Once again, as Wall Street waited for happy hour, we Fools waded into 8-K filings that, if the timing is to be believed, executives would rather you not read.

Kicking off today's list is this filing from aircraft leasing specialist Aircastle (NYSE:AYR), which reports that chief risk officer Kevin Fackrell resigned on Friday for "personal reasons."

Usually, that's corporate code-speak for "I wasn't happy, and I wanted another job." Here, it's telling because Fackrell had only been with Aircastle for 18 months.

Why fight when you can pay?
At least he didn't file a lawsuit. That's what TJX Companies (NYSE:TJX) has been contending with.

On Friday, TJX and co-defendant Fifth Third Bancorp (NASDAQ:FITB) settled a class-action suit in which the firms were charged with negligence resulting from a December 2006 security breach that appears to have affected 45,000 or so customers.

Now, according to this 8-K, TJX and Fifth Third will pay for victims to obtain credit monitoring services and identity theft insurance, provide $30 in store vouchers to those deemed eligible, and conduct a special three-day sale, among other benefits. Talk about getting off cheaply.

But it's the truth!
Investors won't be so lucky with conglomerate Fortune Brands (NYSE:FO). Fortune has introduced new provisions for its executive agreements if there is a change in control, saying that the new agreements are "more favorable to the company."
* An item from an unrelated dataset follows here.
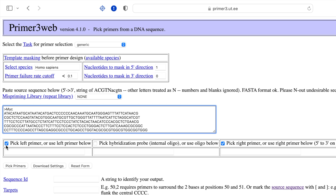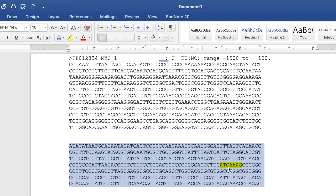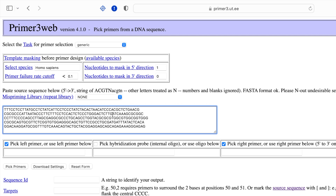Check the pick-left primer and pick-right primer options. Since the primers need to flank the specific sequence where LEF1 occupies at the promoter, let us identify and mark the sequence. To mark the specific sequence, use an open square bracket at the start of the sequence and place a closed square bracket at the end of the specific sequence.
Fascinating. Let's have a look. Here's how the 8-K describes the benefits:

(a) 2.99 multiplied by base salary, annual bonus, and the annual allocation under the company's defined contribution plans;

(b) three additional years of service and earnings credit under the company's retirement plans and agreements; and

(c) three additional years of coverage under the company's life, health, accident, disability, and other employee plans.

Now, contrast that with the earlier plan described in the latest filed proxy statement:

(i) three years of base salary, three times the amount of his annual incentive compensation award, and three times an annual defined contribution plan allocation (and the supplemental profit-sharing allocation under the supplemental plan);

(ii) three additional years of service and earnings credit under our retirement plans and agreements; and

(iii) three additional years of coverage under our life, health, accident, disability, and other employee plans.

OK, 2.99 is a hair less than 3. Trouble is that Fortune added an executive, President and Chief Operating Officer Bruce Carbonari, to the plan. More advantageous, you say, Fortune? For whom? Carbonari?

Don't touch that salary
But Richard Wohl, president of struggling lender IndyMac (NYSE:IMB), is getting an even better deal. Find all the details in this 8-K. I want to focus on just one element. Quoting:

The employment agreement provides for an annual base salary of $750,000, which equals his current salary, and which may be increased from time to time (but not reduced) in the sole discretion of Indymac's Chief Executive Officer and with the approval of the Management Development and Compensation Committee (the "committee") of the Bank's Board of Directors. [Emphasis mine.]

May not be reduced? Can I ask why? All companies struggle from time to time. During those times, employees are often asked to either (a) leave or (b) take a pay cut. But not Wohl; he's above that. Shame on you, IndyMac.